Community: Journal of Power Politics and Democracy in Hell’s Kitchen

COMPREHENSIVE, ARTICULATE, HONEST AND ENGAGING – DAVID SELZER

Community is a memoir of community work and city politics in Manhattan during the turbulent 1980s and 1990s – as a neighborhood fights the effects of “development fever” and the devastating flood of illegal drugs. It is a sometimes brutal but also inspiring account of people organizing peacefully to save and improve their community.

The Hell’s Kitchen neighborhood on the west side of midtown Manhattan and its people are the great presence in this book. This “small town in midtown” is a land of willing exiles who forge their own destinies as members of a community.

As one of my Beta readers, Satyam Balakrishnan, said, Community is “an entire account of years of activism in one neighborhood, and it chronicles the tussles between estate developers and long-time residents, the wrangling between social groups, and the struggle to forge a common platform and agenda.” He went on to say “the narrative is pacy,” and “there are some remarkable characters – the one that breaks into a hop/dance and locks the park gates.
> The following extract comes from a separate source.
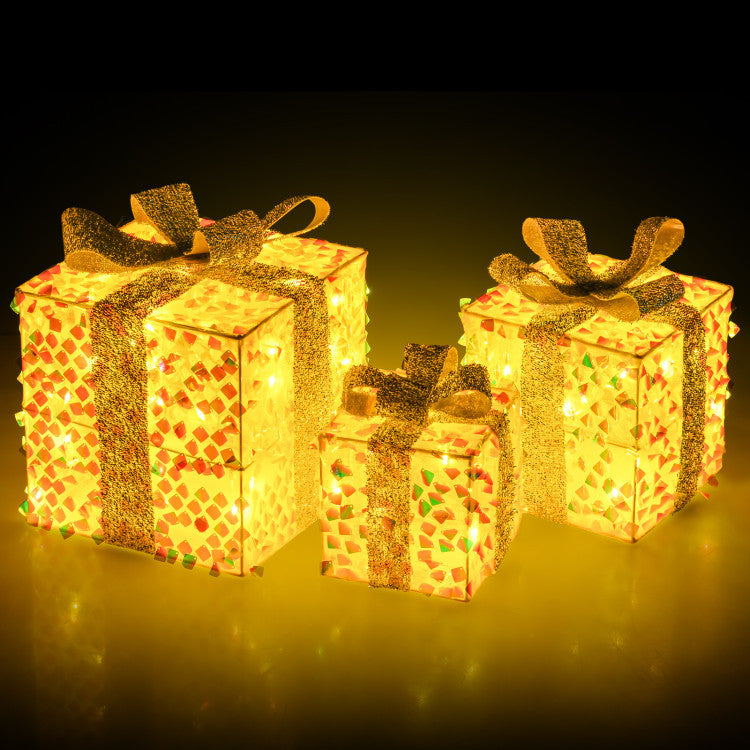 Three lighted gift boxes with bows, featuring warm white LEDs, perfect for enhancing holiday living room decor.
A memoir is a recalling of events as witnessed and experienced and a memoir with a context (activism and social work in a metro city) is something more.” 

The issues are just as relevant today: what makes effective community action, how far will you go to accomplish your ends, what are the forms of politics you can choose to practice, how does democracy work?

Community is available on Amazon and Smashwords.

Into The Fire: A Poet’s Journey through Hell’s Kitchen (Part)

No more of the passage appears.